Todo ello es un espectáculo gratuito.
Vivo en un apartamento, sexto piso, frente al mar. Tan hermosas son mis vistas que muchos días prefiero quedarme en casa, en mi terraza. Por las noches, como hace calor, dejo las ventanas abiertas.
Hace unos días, me levanté de madrugada, sobre las siete, y pasé al salón dispuesto a tumbarme en el sofá y gozar de la paz que me embargaba. Al ir a sentarme, observé que una lagartija, de unos diez centímetros, usurpaba mi lugar, y me miraba, fijamente, atenta a mi conducta. Ella tenía miedo, y yo respeto. Fui a la cocina a coger un trapo, y cuando volví allí seguía ella, decidida a no moverse. Con cuidado de no dañarla ni asfixiarla, la cubrí con el trapo, la cogí y la lancé sobre el césped del jardín. Ella corría, agradecida y yo me sentí feliz de verla libre. Pienso que todo ser vivo es útil para algo, y tiene su función, por lo que debemos de respetarlo.

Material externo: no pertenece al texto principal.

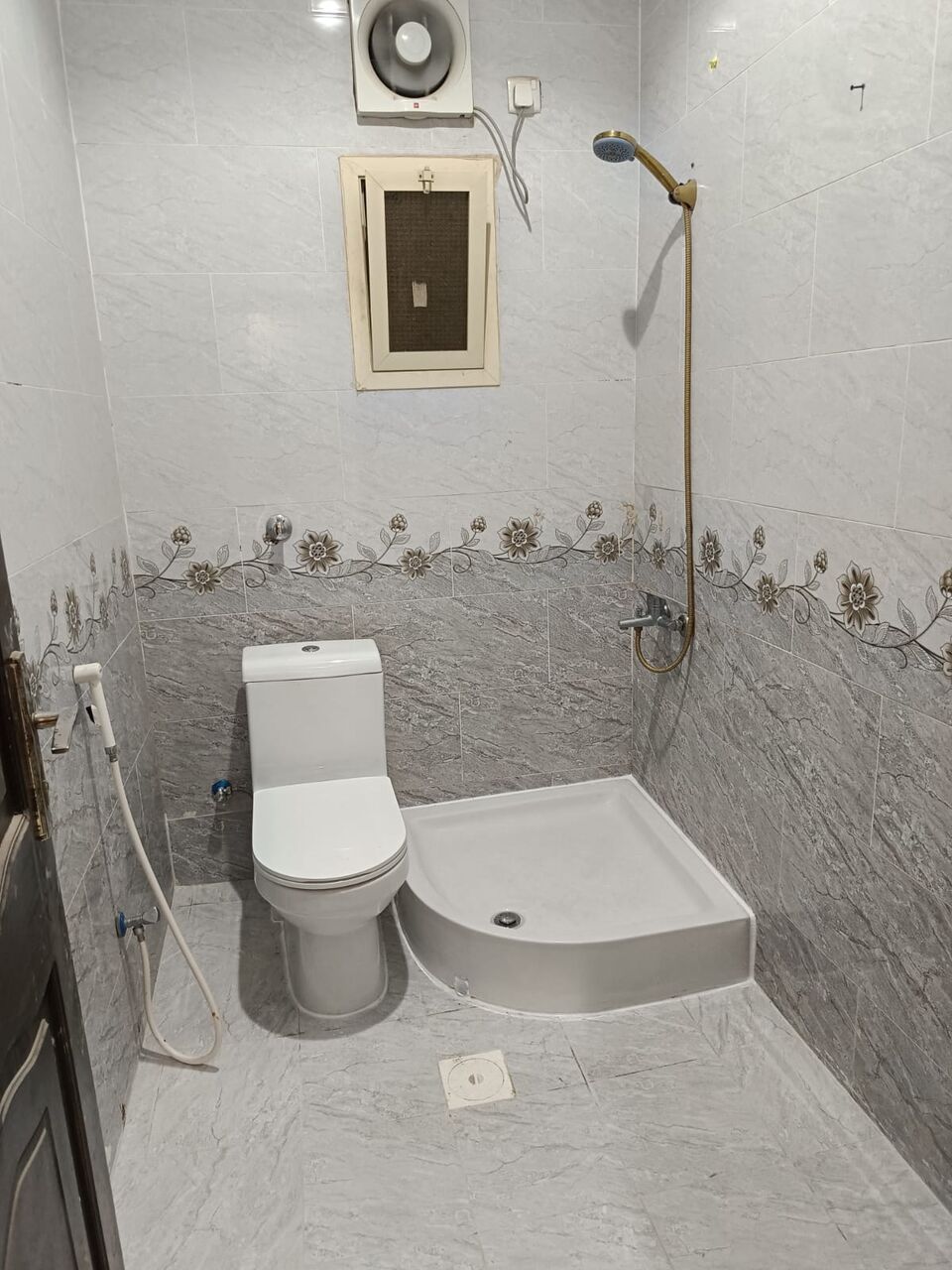 Thuwal, Apartments, Flats, Houses & Villas, SAR 1250/month,  2 BR,  New Building Unfurnished Family Flat For Rent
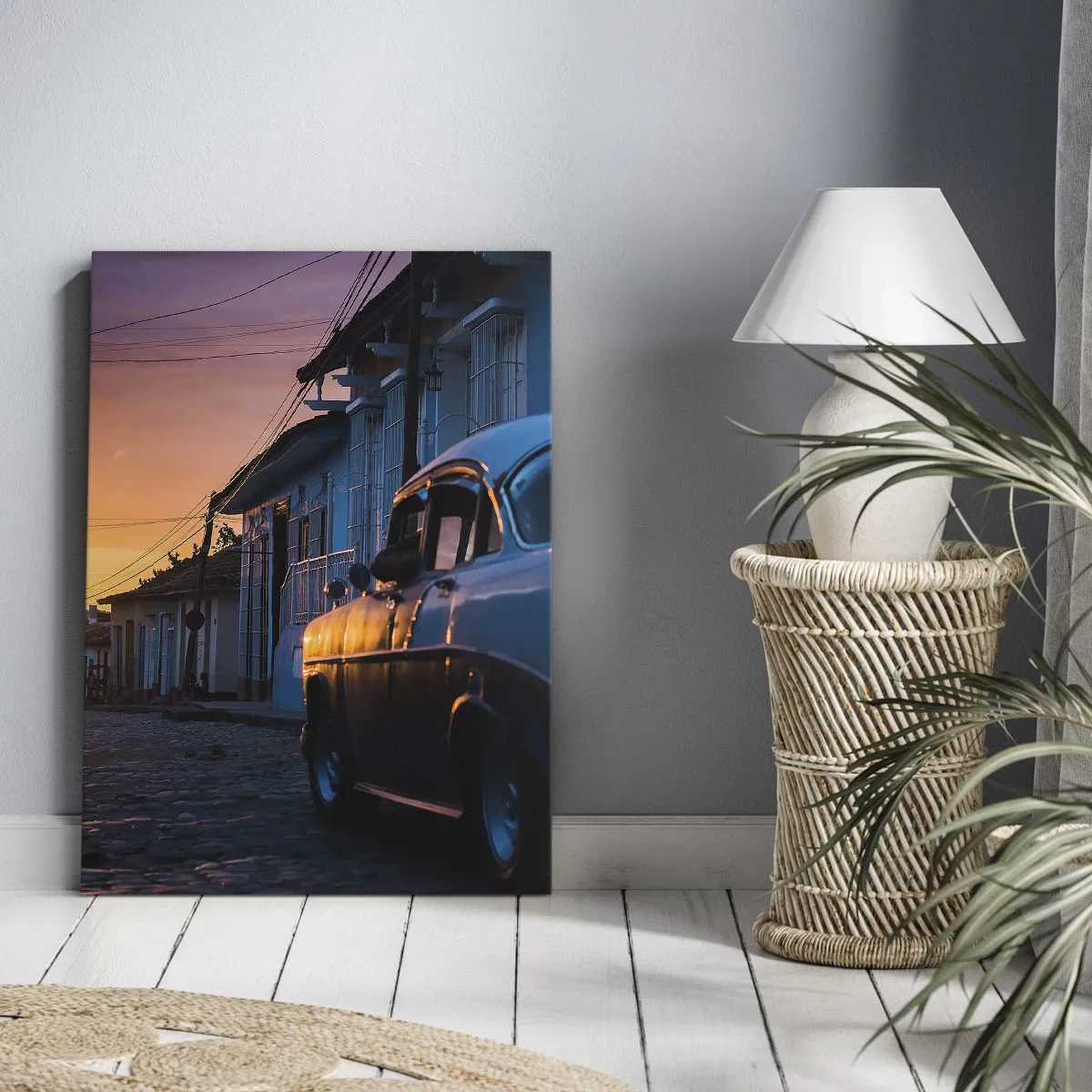 Impression sur toile - Image sur toile - Voiture et vélo rétro dans la rue à la lumière du soleil couchant - 50x70cm - Ici, le temps ralentit - Décoration murale moderne pour le salon et la chambre ARTTOR
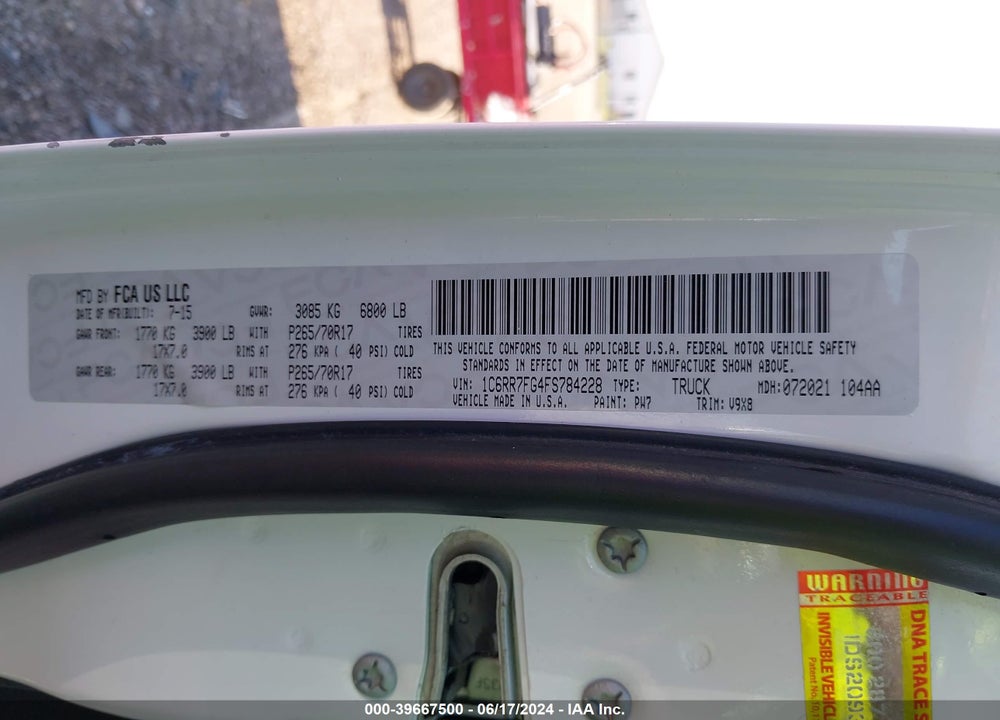 2015 RAM 1500 VIN: 1C6RR7FG4FS784228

Frecuentemente, cuando paseo, voy mirando al suelo, y tropiezo con las entradas de los hormigueros, o con largas filas de hormigas, que guiadas por el olor del ácido fórmico segregado por sus compañeras, van marcando el camino a seguir, bien hacia la presa objetivo de su salida, o bien, ya cargadas de nutrientes, regresando hacia su comunidad. Procuro no molestarlas, pero pienso en las otras muchas que pisaré, cuando no voy mirando, provocando auténticas masacres, de las que muy pronto tendrá noticia la comunidad, poniéndose a la defensiva, y ordenando el cambio de itinerario. No sé si su falta producirá dolor a sus más íntimos, pero todo pudiera ser. La hormiga es una de las especies con mayor capacidad de organización social. Ellas tienen su reina, pero también sus ingenieros, sus peritos en muchas materias, y su clase obrera. No sé si en ellas existe la familia como tal, o ya la han superado, y el individuo, desde su origen, forma parte de la estructura social, pero sí sé, por que lo veo, que cada uno cumple su función.

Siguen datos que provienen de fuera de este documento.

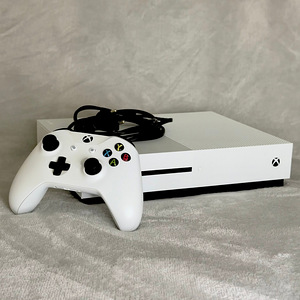 Xbox One S + 2 mängu (Rush ja Just Dance) (2 foto / 10)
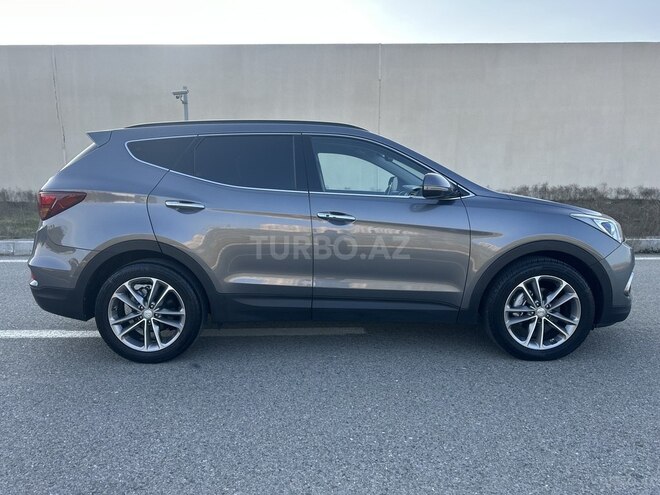 Hyundai Santa Fe-11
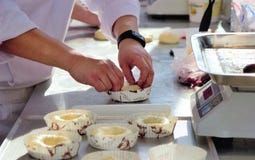 03 14 2019 Russland, Moskau Ausstellungs-moderne B?ckerei Moskau, Expocentre Chef bereitet den Teig f?r Muffins zu lizenzfreie stockbilder 03 14 2019 Russland, Moskau Ausstellungs-moderne B?ckerei Moskau, Expocentre Chef bereitet den Teig f?r Muffins zu lizenzfreie stockbilder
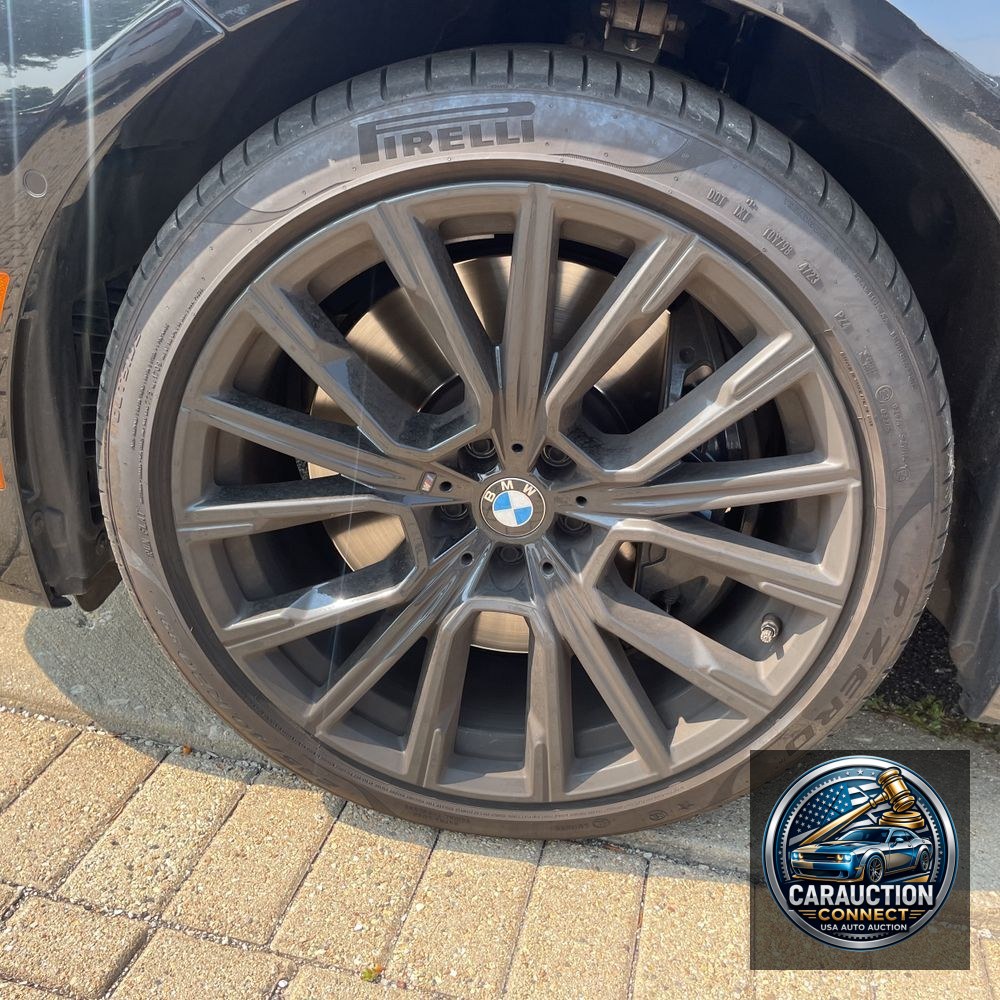 2022 BMW 7-Series M760xi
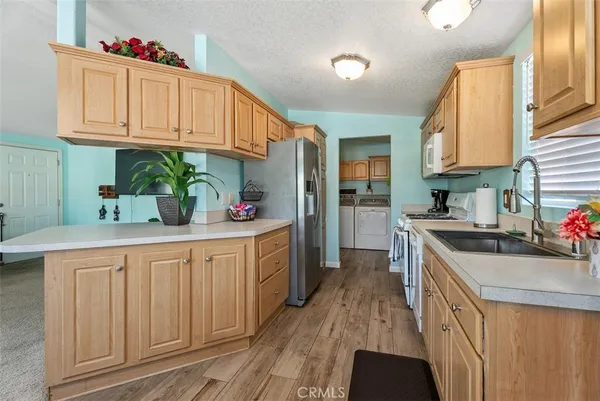 $335,000 | 5815 East La Palma Avenue, Unit 302, Anaheim, CA 92807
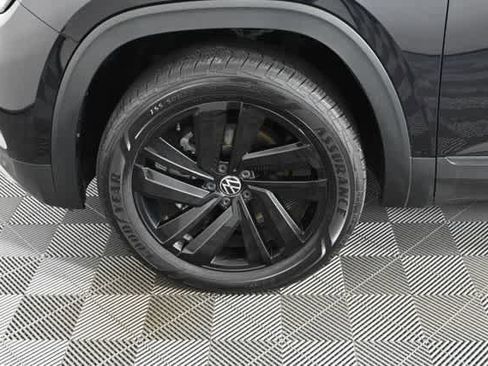 Certified 2023 Volkswagen Atlas Cross Sport SE w/ Black Wheel Package image 28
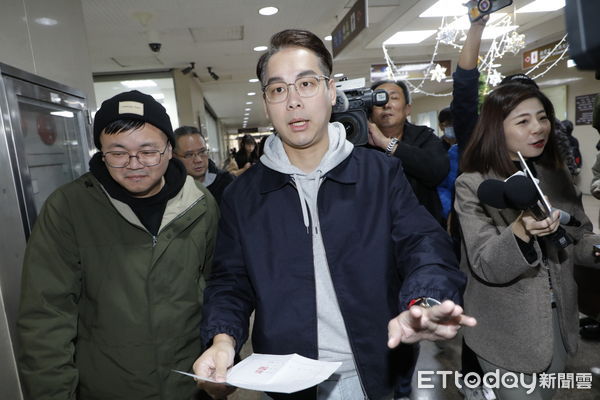 ▲▼彭振聲律師及家屬帶錢保人，民眾黨林昭印赴北院辦理交保事宜。（圖／記者湯興漢攝）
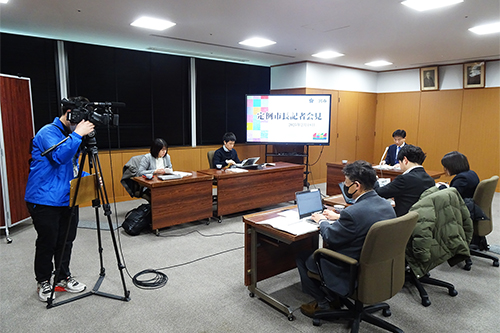 市長が記者会見している写真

Los hombres creemos que los animales no sufren, porque no tienen alma. Quizás seamos nosotros los que no la tenemos. Yo he visto llorar a un perro, deprimirse, por la muerte de su amo. Sí, el perro es el animal más próximo a nosotros, el que mejor se adapta a la convivencia humana. El perro adora a su amo y se deja enseñar, por lo que es posible, que con el tiempo, progrese. Lástima que sus manos sean torpes, y sus dedos no les permita realizar ciertos trabajos. También su lenguaje nos resulta primitivo, pero él escucha con atención, parece comprendernos cuando le hablamos, y obedece ciertas órdenes. Goza de un olfato, intuición y orientación muy superiores a las del ser humano.